And regarding wheels, I should probably just do it. I’ve resisted for
awhile to separate the Python wrapper from the underlying C library. But it
seems like the community needs it. Mostly for windows users that don’t seem
as easily supported by their package managers.
It just felt like a giant matrix of binaries to build and test and support,
but I know GitHub actions can help us with the most common ones.
Also, a related issue is some of the Python users apply the “small numbers”
patch to their TA-Lib C library to allow doing technical analysis on crypto
which sometimes has small prices. And I didn’t want to orphan them by
building with the upstream C library that didn’t have that patch applied.
|
OK, will prioritize including this as a "0.6.0" release by EOY, with updated autoconf (+github to build windows 64-bits binaries). This release will be more about learning what still works or not on various platform. |
@mrjbq7 Double checking that we are on the same page. The code in the TA-Lib repos already has that small numbers fix. What is missing is a new ".tar.gz" release. Correct? === On another subject, made a lot of progress on the Linux support. There is now a ta-lib-0.6.0-src.tar.gz "release candidate" in the directory "dist". Feel free to try, but do not change your installation instructions yet... (it will eventually be release as a Github binary asset). |
Yes, I don’t personally use the small number patch but that’s my understanding also. See for example this thread:
TA-Lib/ta-lib-python#157
If you need any help testing or docs or other things for new releases let me know!
|
Hi everyone, I’ve been following this discussion about Rust bindings for TA-Lib with great interest, and I wanted to chime in with something I’ve been working on that might align with what’s being explored here. I’ve created a Rust-native implementation of technical analysis functions called kand, which you can find at https://github.com/rust-ta/kand. My aim with kand was to build a lightweight, performant, and pure-Rust alternative inspired by TA-Lib, without relying on C bindings. So far, kand includes implementations of some popular indicators like moving averages, RSI, and MACD, with a focus on simplicity and integration with Rust’s ecosystem (e.g., it works nicely with libraries like ndarray). It’s still a work in progress, but I’d love for it to be a useful resource—or even a starting point—for anyone interested in technical analysis in Rust. I’d really appreciate hearing your thoughts! Does something like kand fit into the vision being discussed here?

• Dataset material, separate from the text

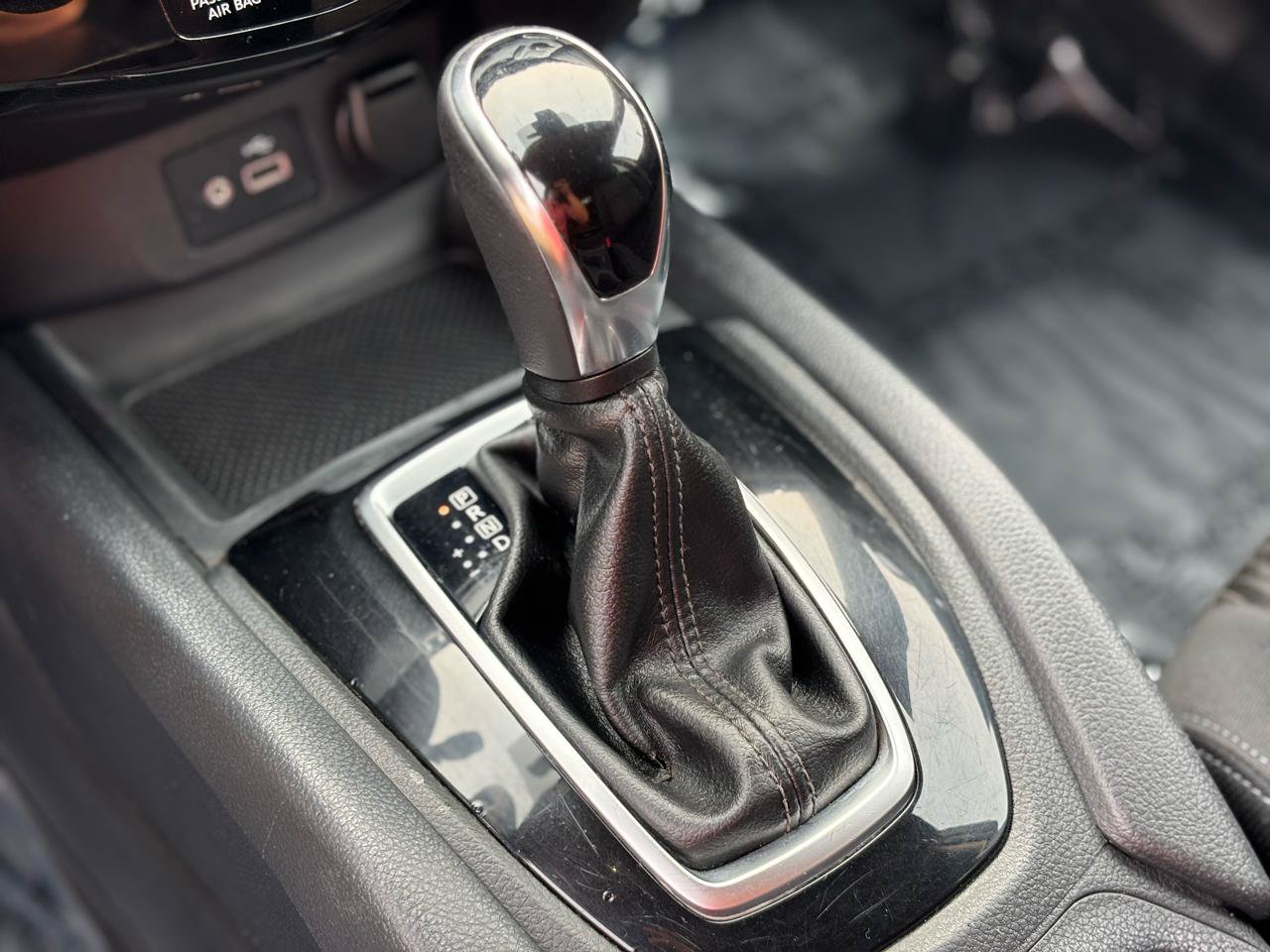 Used 2019 Nissan Rogue SV AWD/4WD image 28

Are there specific features or indicators you think would be valuable to prioritize? I’m excited to collaborate and learn from this community, so feel free to drop by the repo or share your feedback here. Thanks for the great discussion so far—it’s inspiring to see so much interest in bringing TA-Lib concepts to Rust! |
Hi @gitctrlx , I am divided in the sense that it would have been great for you to be a major contributor within the TA-Lib organization 😄, at the same time, I want to applaud your initiative. kand looks great and will inspire us back. Also, if you are interested into the on-going effort there is still place for major contribution to be done (and you will be very welcome). @chadfurman organize zoom meetings once or twice a month to coordinate the native Rust effort. Also, feel free to direct message me on Discord. Differences Would be great if at some point you integrate ta-lib native rust in kand deployment automation for, say, benchmarking and/or testing? At the current pace, we expect to have TA-Lib rust completed (for all functions) early next year. Simplification As an example, TA-Lib does not process (or output) NaN. It expects the caller to do "data alignment" (with startIdx, endIdx and the outBegIx and outNbElement params). This gives more flexibility for integration and speed optimization, but requires more "development work" which might turn off some users. Food for thought, consider to contribute and integrate the TA-Lib Rust Native Core and still build kand on top of it? (for incremental feature, simplified API and better interfacing with ndarray and such). This approach is essentially what ta-lib-python did and they are very successful. Thanks for sharing. |
@gitctrlx ... and I like your creativity for merging Rust/TA-Lib into the kand logo 😄 Source: https://github.com/rust-ta/kand |
Hi @mario4tier , First off, apologies for replying so late—I just made it through a long, dark night over here and am finally catching up! Thanks so much for your thoughtful response and warm words. I really appreciate the encouragement and the insight into what the TA-Lib team is building—it’s amazing to see the dedication behind a unified, multi-language approach. The “write once” philosophy makes a lot of sense for consistency and reach, and I’m genuinely excited to hear the Rust effort is on track for early next year. I’m happy you see some value in kand! My aim with it was to create something lightweight and Rust-native, with a simple API that plays nicely with tools like ndarray. I totally get that TA-Lib’s design offers powerful flexibility for advanced users, and I think kand can complement that by being a quick, approachable option for folks who want to dive in with less setup. It’s great to hear you think both can coexist and even inspire each other—I love that idea. Your suggestion about integrating TA-Lib’s Rust native core for benchmarking or testing really caught my eye, and I’d be keen to explore that down the line. That said, I should be upfront that my time’s a bit stretched right now, so I wouldn’t be able to dive deeply into contributing to TA-Lib directly. I’d still love to stay connected, though—maybe joining a Zoom call with @chadfurman when I can, or chatting on Discord to bounce ideas around. I’ll reach out there soon! For now, I’m focusing on polishing kand—adding a proper README and examples this week—so it’s easier for people to try out. I’d be thrilled if you or anyone here wanted to give it a spin and share thoughts! If there are specific indicators or features you think would be useful, I’d love to hear them and prioritize what resonates with the community. Thanks again for the feedback and the logo nod (glad it made you smile 😄). I’m excited to keep in touch and see how we can support each other moving forward! |
About rust lib:
I had seen Contact mario4tier on github if interested.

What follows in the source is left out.